The NeoPDP plasma panels’ potential for slimness is starting to be realised on the Panasonic TX-P42V10: the depth of its top portion measures only 5.5 cm, which then thickens slightly to about 8.5 cm towards the chassis’ middle/ bottom to accommodate its processing circuitry, connection ports and internal speakers. Although the end result is less bulky than the recently-reviewed Panasonic TX-P42G10, it’s still nowhere near as slender as the 3-cm-deep edge-lit LED-based LCD televisions (such as the UE40B7020) from Samsung, or the forthcoming Z1 flagship plasmas from Panasonic.
Nevertheless, the aesthetic appeal of the Panasonic TX-P42V10 is boosted considerably by the implementation of a beautiful “one-sheet-of-glass” design. Defying the usual stereotype of the screen being recessed back from the bezel, a single sheet of glass overlies the entire front, lending a sleek and fluid “frameless” appearance to the Panasonic TX-P42V10. The plasma’s “double image” phenomenon (multi-layered plasma glass causing “ghost image” to be repeated behind the original image when viewed up-close and off-axis) did seem a tad more pronounced, but to be fair this is a non-issue from normal sitting distance.
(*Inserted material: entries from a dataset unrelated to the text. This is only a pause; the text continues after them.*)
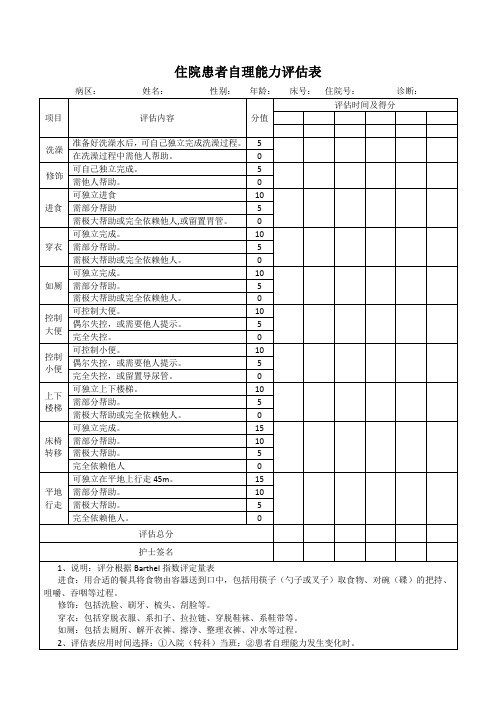 住院患者自理能力评估表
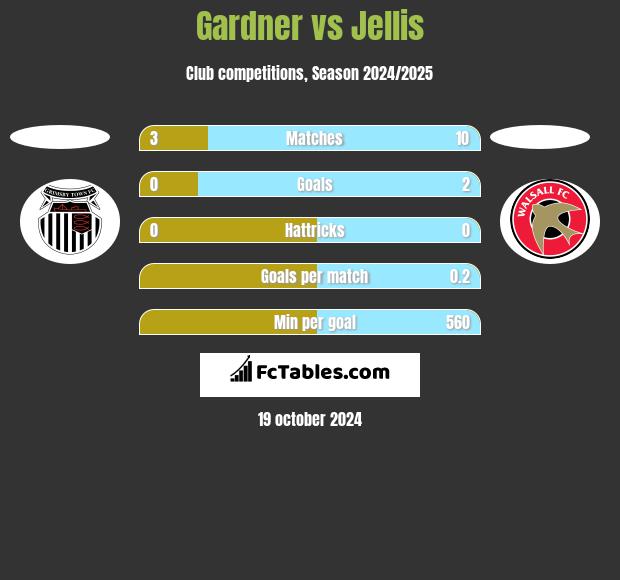 Gardner vs Jellis h2h player stats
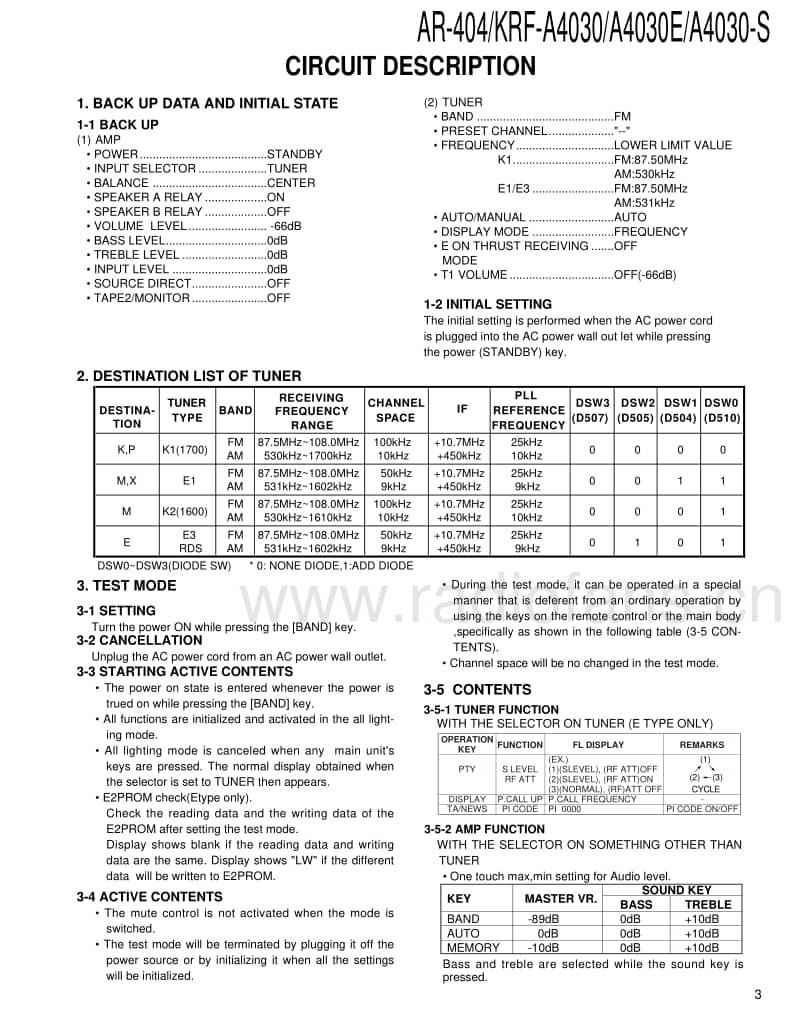 Kenwood-KRFA-4030-Service-Manual电路原理图.pdf_第3页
A thin silver strip crowns the Panasonic TX-P42V10′s gleaming black “frame”, and is further complemented by a silver accent along the bottom of the set, which then flows seamlessly onto the silver pedestal stand sporting an oval base with brushed effect.
An inspection around the back of the Panasonic TX-P42V10 reveals solid build quality, four cooling fans that produce a mild whirring background noise (which should be adequately masked by normal TV volume at normal sitting distance), but no recessed handgrips. While passing judgement on TV styling can be very subjective, aesthetics-wise we think the Panasonic TX-P42V10 is a clear step up from the G10 series.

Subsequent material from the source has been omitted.